October 1987, I was 5 years old and we just moved into a house in Snellville.  Little did I know, I would live there until my early 20's.  Further more, I never would have imagined that I would be able to bring my family here and have my daughters get to live in the same house that I did.

It was a very sweet moment for me to move back in to this house in October of 2011, 24 years to the month that I first moved in.  Instead of being a 5 year old kid, I  was a 29 year old married father of two.

I've played outside with my girls creating memories that overlaid on top of my own memories.  They sleep where I slept, eat where I ate.
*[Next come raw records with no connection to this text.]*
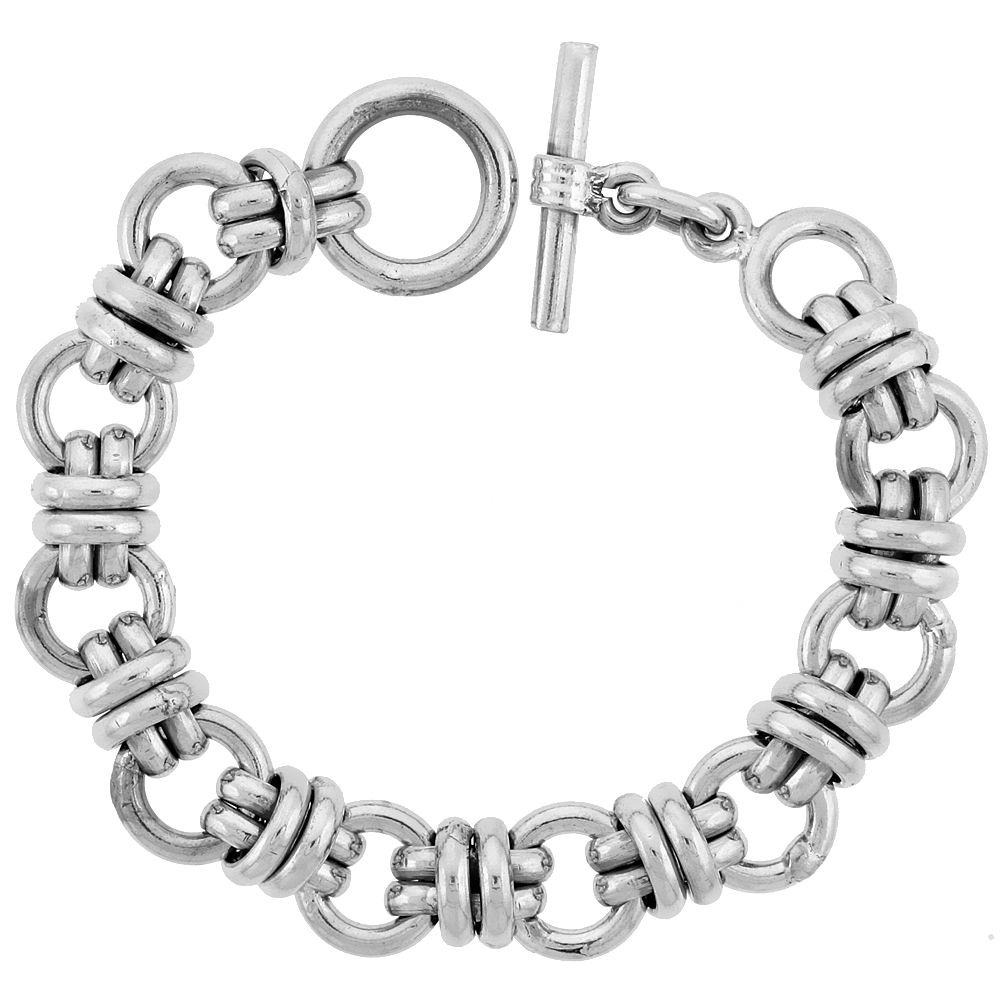 Sterling Silver Doughnut Circles Link Bracelet Toggle Clasp Handmade 5/8 inch wide, sizes 8, 8.5 &amp; 9 inch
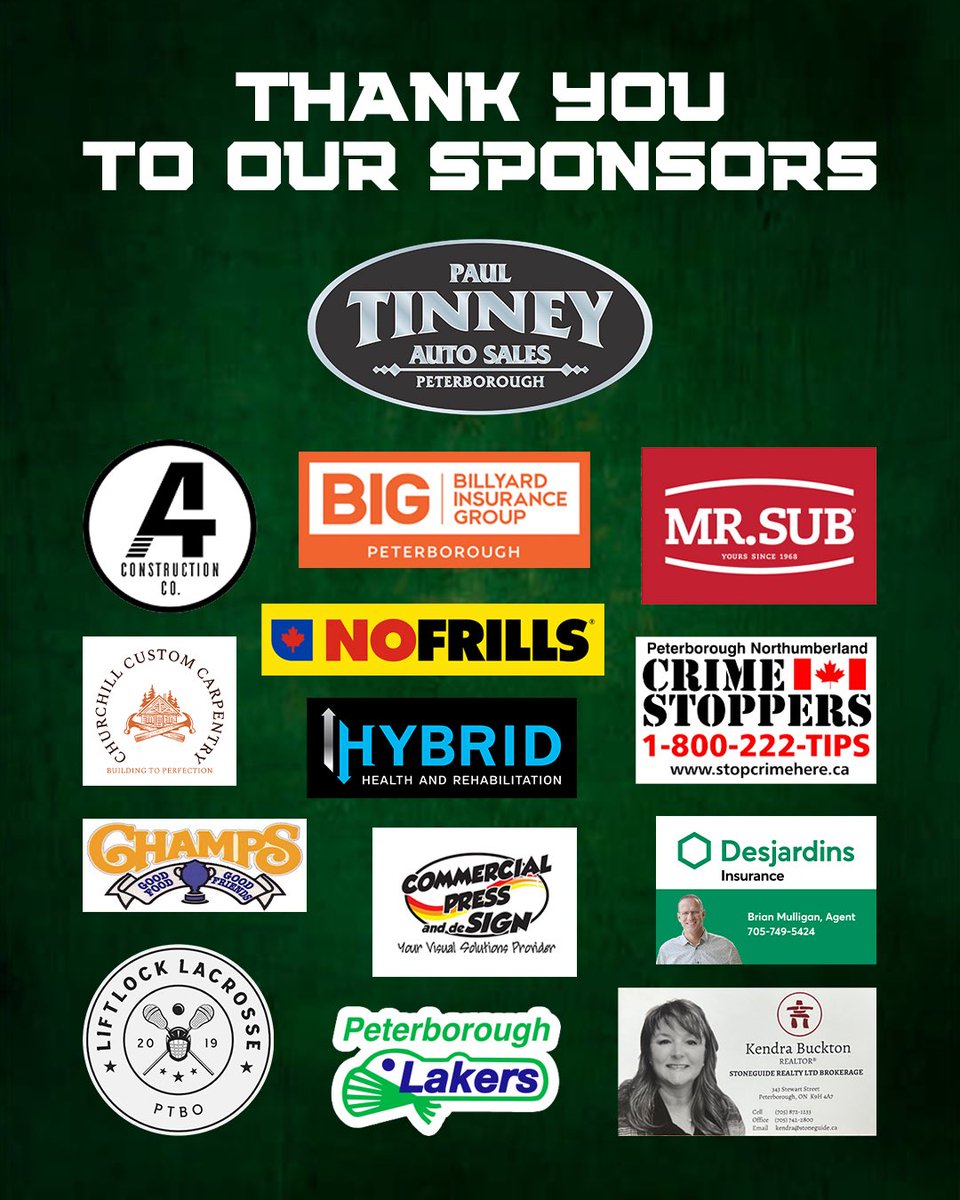 Your 2025 Paul Tinney Auto Sales Peterborough Jr. C Lakers! Thank you for an amazing season and a huge THANK YOU to our team sponsor, game day sponsors, BIG Player of the Week sponsor, Player of the Game sponsor, food and water sponsors, and so many more.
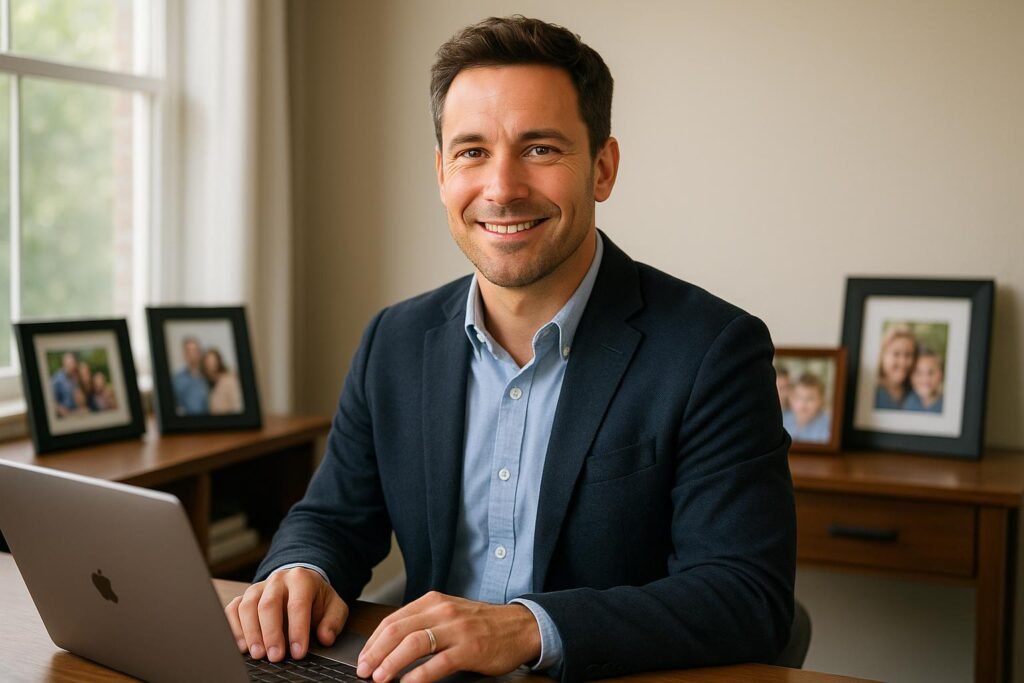 Confident father in home office representing successful career transition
Played my drums in the basement, where I played my first set.  I've been able to re-live so many of the milestones in my life that happened when I lived here and create so many new ones.  When we first moved back in, I knew all of the sounds the house made.  As we would lay in bed at night, I knew the creaks from the bumps and all the noises in between.  It was like hearing a familiar song and knowing what note comes next.

As all things in life, things change.  By the end of this week, our house will be up for sale.  Amy and I are starting to look for somewhere and we will start a new chapter in our life.  It is bittersweet that after 27 years, the house will be no longer be in our family, but change can be good.

This will be a good step for my parents.  They still own the house and for the last 3 years have been very gracious to let us live here and to help supplement our rent so that we could be here.  The grand plan was for us to be able to buy the house or take over full payments after a couple of years, but 3 years in, the cards are just not lining up.  With some changes in my dads employment and the fact that I am still in the extremely long process of trying to short-sale my house in Acworth, it just makes sense to sell now.  Ahh, my house in Acworth, the gift of buying cheap just before the housing market crashed, it leaves you with a house that is worth almost nothing and no where to go but out. Thus generating a few more years of patience that Amy and I will have to endure before we are able to make a permanent home for our family.

It is sad in a way, and for now, the idea has set in, but not reality.  I will miss this house.  The sounds, the smells, the memories.  I will have the memories and the pictures.  It will always be my house in my heart and I so thankful the girls will get to remember it as theirs too.